そして、彼女たちは最初の撮影から3年後の1920年にも妖精を写真に収め、都合5枚の妖精写真を撮ったとされる。
最初に撮影された写真の鑑定では「ネガもプリントも修正されておらず、写真は野外で撮影され、多重露光でもない」との結果が出ていた。ところが、撮影から57年後の1974年に、美術史家のゲティングスが写真の妖精と同時代の絵本に登場する妖精とが、偶然とは思えないほど酷似している点を指摘した。そして、それがきっかけとなって撮影者たちは「ネガもプリントも修正せずに多重露光でもない野外撮影の秘密」を、つまり絵本をなぞって切り抜いた紙の妖精を使ったトリックを告白したのである。
しかし1920年8月に撮影した妖精写真について、ふたりとも最後の1枚はトリックを用いなかったと語った。

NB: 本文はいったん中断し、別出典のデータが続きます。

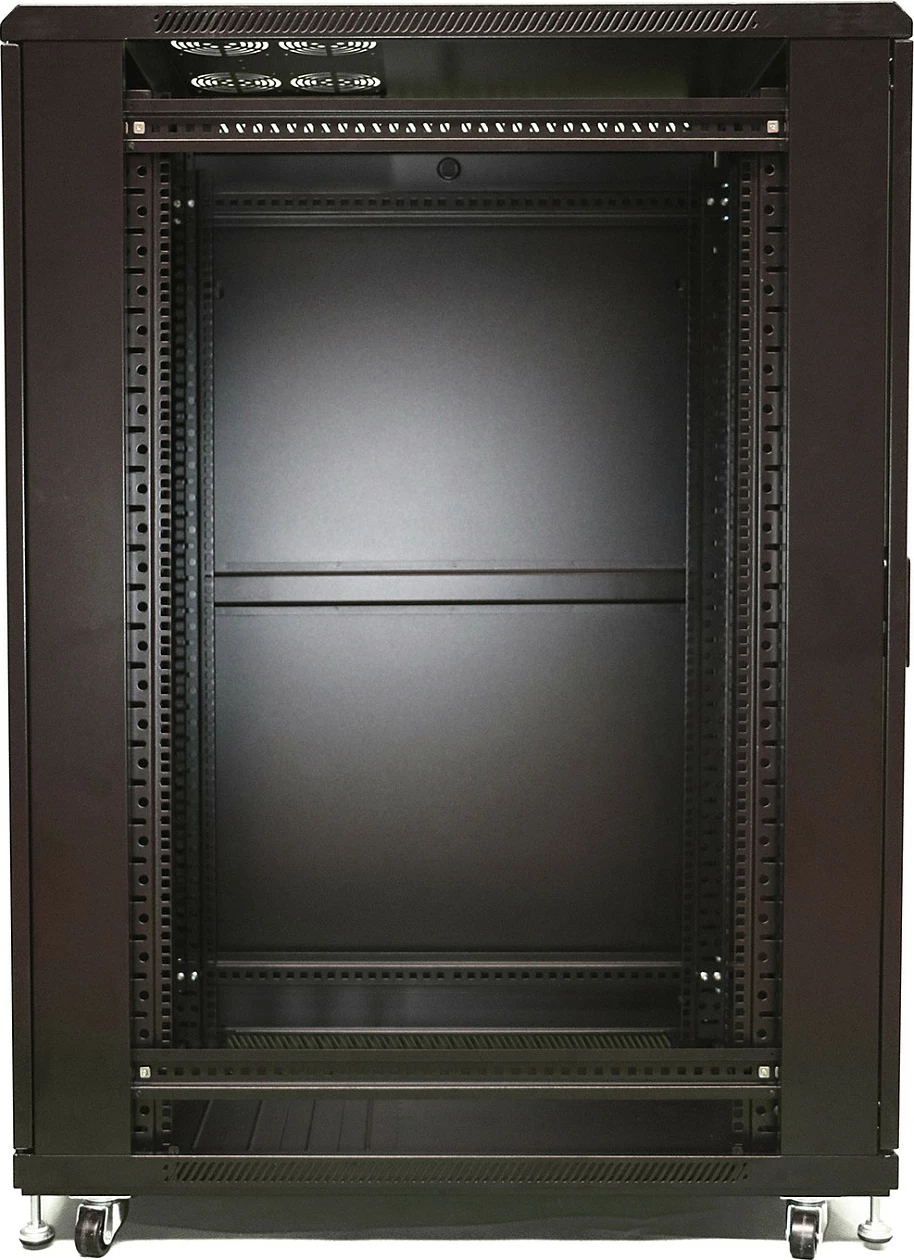 Kabinet rrjeti Extralink 37U 19", 600x1000 mm, i zi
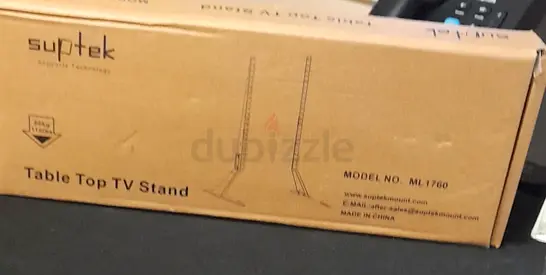 Suptak Table Top TV Stand (Model ML1760) - New in Box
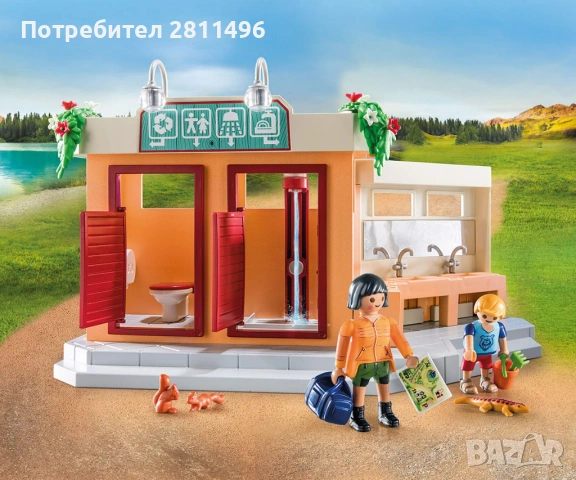 Playmobil - Къмпинг, снимка 5 - Конструктори - 53029348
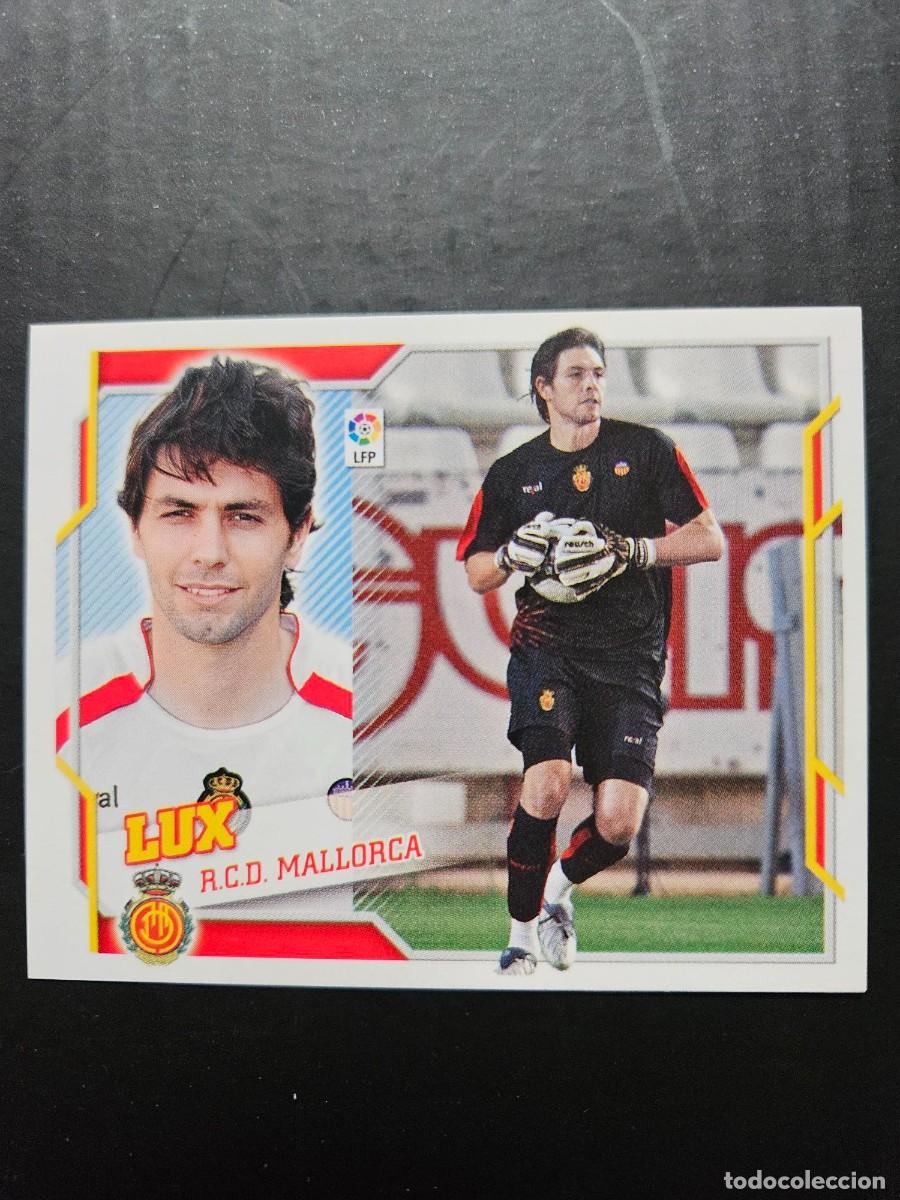 Figurine di Calcio: N&ordm; 2 LUX MALLORCA LIGA ESTE 10 11 2010 2011 SIN PEGAR NUNCA PEGADO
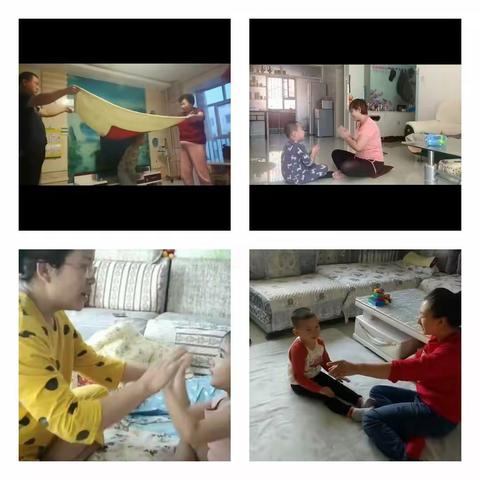 木垒县第一幼儿园小三班“停课不停学”趣味活动三月总结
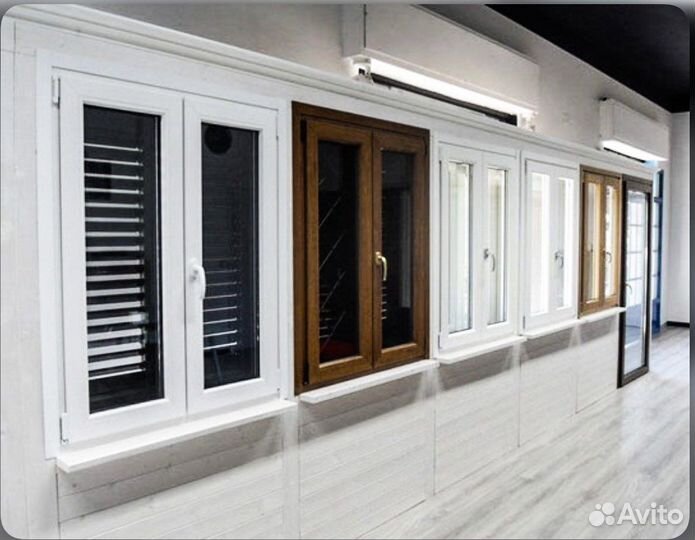 Пластиковые окна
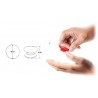 Fibaro Button - przycisk automatyki domowej - czerwony - zdjęcie 4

そしてふたりはそれぞれが、最後の写真を撮影したのは自分であるとも証言したのである。そのため、最後の写真は本物の妖精が収められていると考える人が、現在でもそれなりに存在している。
とはいえ、この写真についてもトリックであることが明らかとなっており、問題の焦点は「なぜ撮影者はトリックではないと信じていたのか?」という部分にある。
本人でさえ気が付かなかったトリックを解き明かすカギは、撮影したカメラに存在していた。まず、最初の撮影には箱型のボックスカメラ(W.Butcher&Sons社製“The Midg”)を使っているが、最後の撮影にはオカルト研究家からプレゼントされた蛇腹カメラ(W.Butcher&Sons社製“Pocket Cameo”前期型)を使っており、それぞれ異なっているのだ。そして、ボックスカメラは連続撮影が可能だったのに対し、新しい蛇腹カメラは撮影するごとにガラス乾板(古い時代のネガ)を入れ替える必要があり、もちろん連続撮影は不可能だった。
それぞれの特性と、撮影したふたりが新しい蛇腹カメラには慣れていなかったであろうことを考えると、答えは単純かつ明白であろう。
使い慣れない新しいカメラを使ったため、箱型カメラのつもりで同じガラス乾板へ多重撮影したのは、ほぼ間違いない。そして、最初に撮影した写真の鑑定結果が、後から撮影したものにも強い印象を与えてしまったことが、事態を無用に複雑なものとしてしまったのだ。
ただ、ふたりとも終生にわたって単純な錯誤に気が付かず、意図せずに撮影した不思議な写真への驚きを抱えたままだったのは、とても幸せなことだったといえよう。